Task prompt: The answer is to consist only of an exact retyping of the lines from the one containing "An Edwardian roll" to the end of the entries, without pictures.

[Collected data]
=-=-=

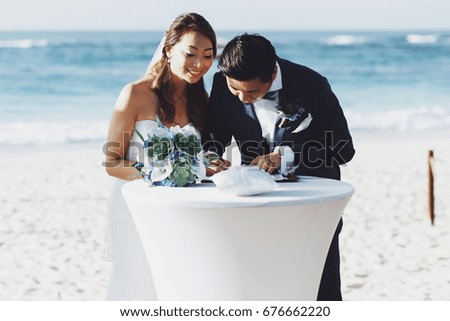 Asian wedding couple signs the papers standing on the beach
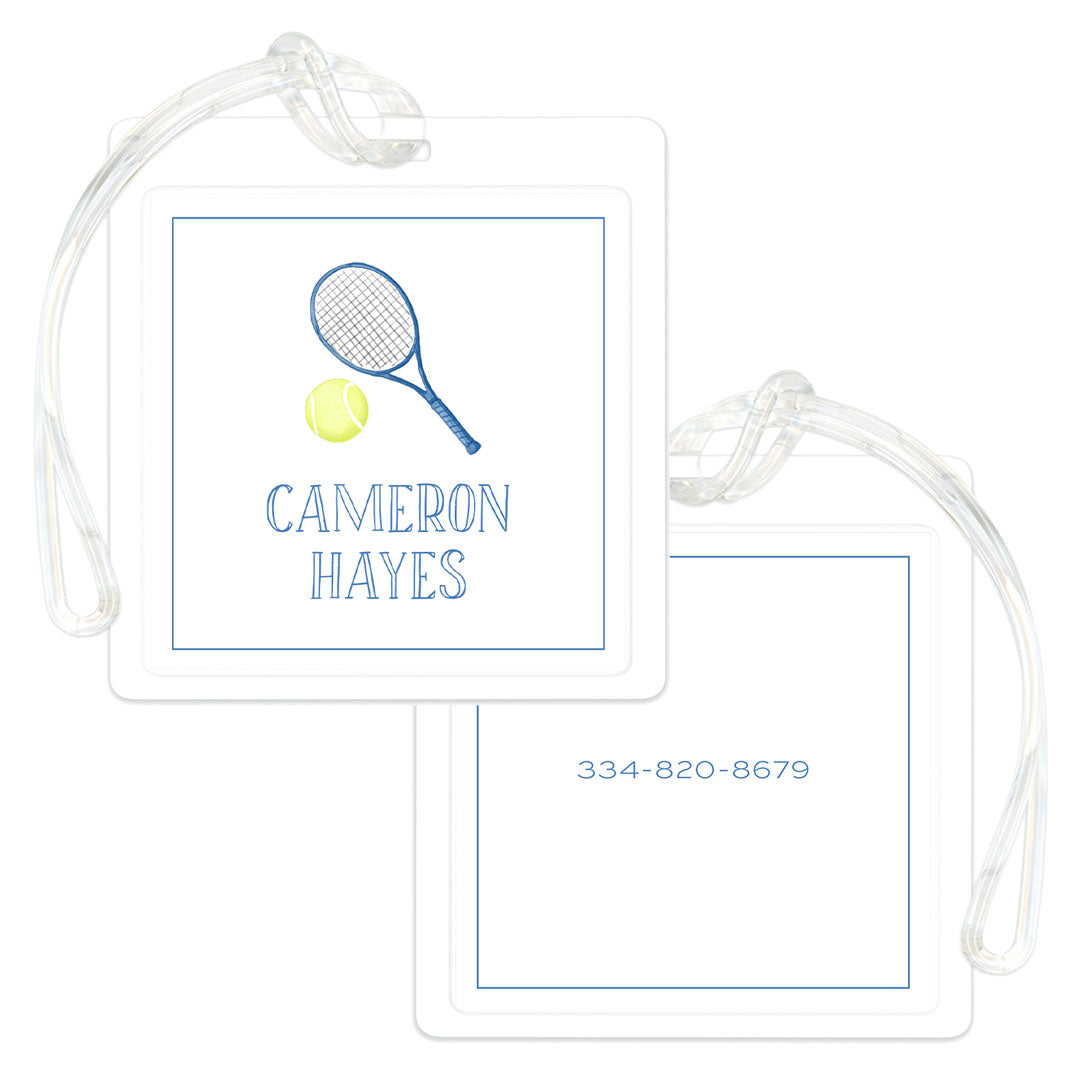 Two square blue and white bag tags with clear straps, one displaying a tennis racket and ball above a personalized name, the other showing a phone number.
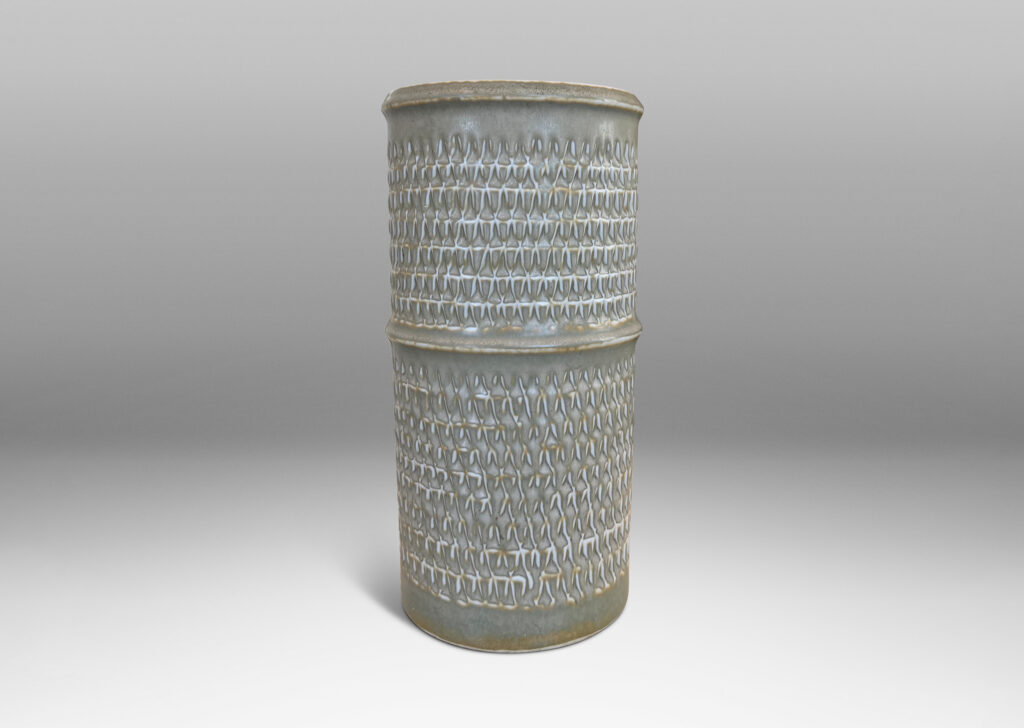 Gallery BAC cylindrical forms with notched bands and lips, and relief rows of triangle motifs, glazed in light warm gray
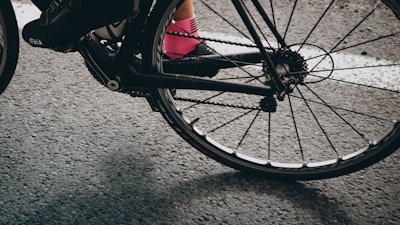 Close-up of a cyclist's legs pedaling fast on a road bike.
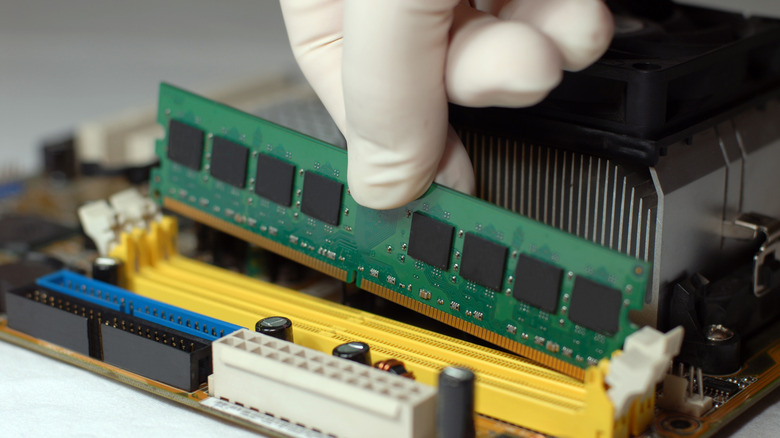 Person installing a RAM module into a PC motherboard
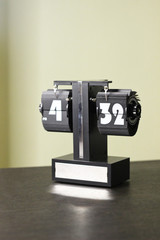 Clock on the wooden table in the room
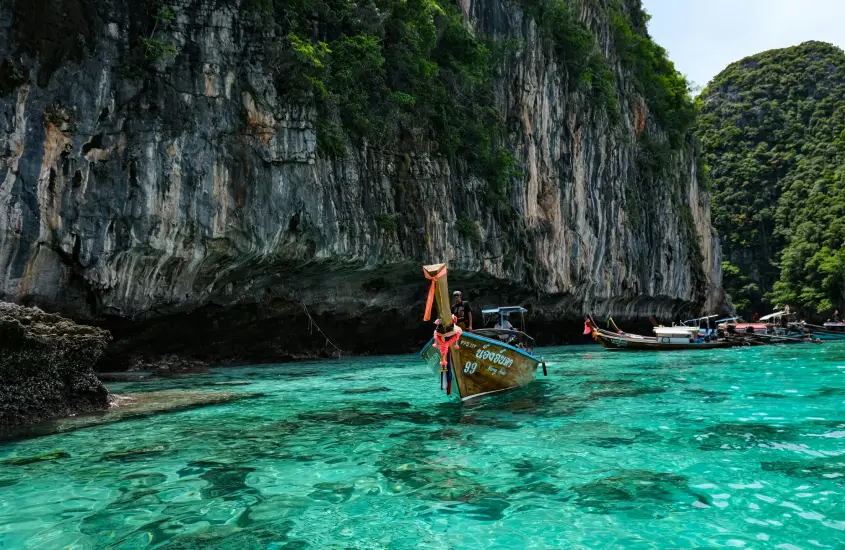 Longtail boat na água cristalina perto de um penhasco de calcário em Koh Phi Phi durante o dia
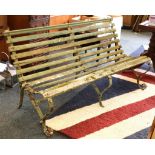 An Edwardian roll back garden bench, scroll supports, 150cm wide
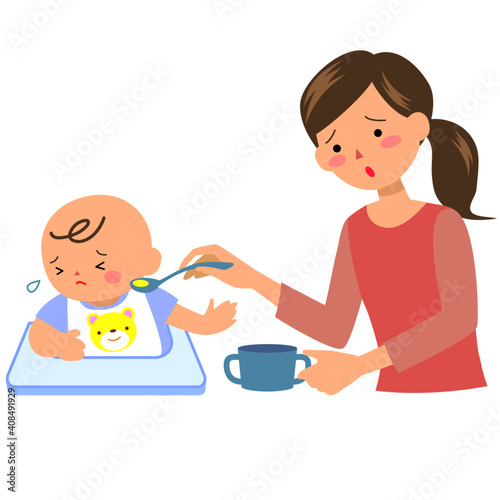 離乳食を嫌う男の赤ちゃんと母親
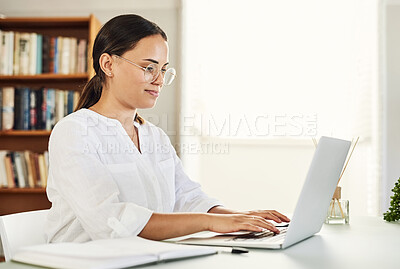 Buy stock photo Shot of a beautiful young businesswoman working from home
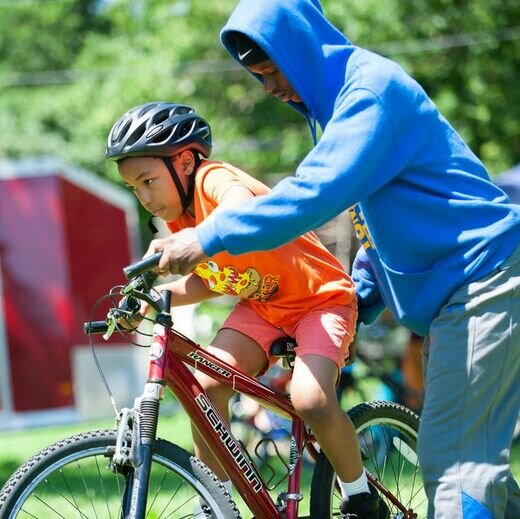 community, kid on bike, black men on bikes, nonprofit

=-=-=

Task response:
 An Edwardian roll back garden bench, scroll supports, 150cm wide
 離乳食を嫌う男の赤ちゃんと母親
 Buy stock photo Shot of a beautiful young businesswoman working from home
 community, kid on bike, black men on bikes, nonprofit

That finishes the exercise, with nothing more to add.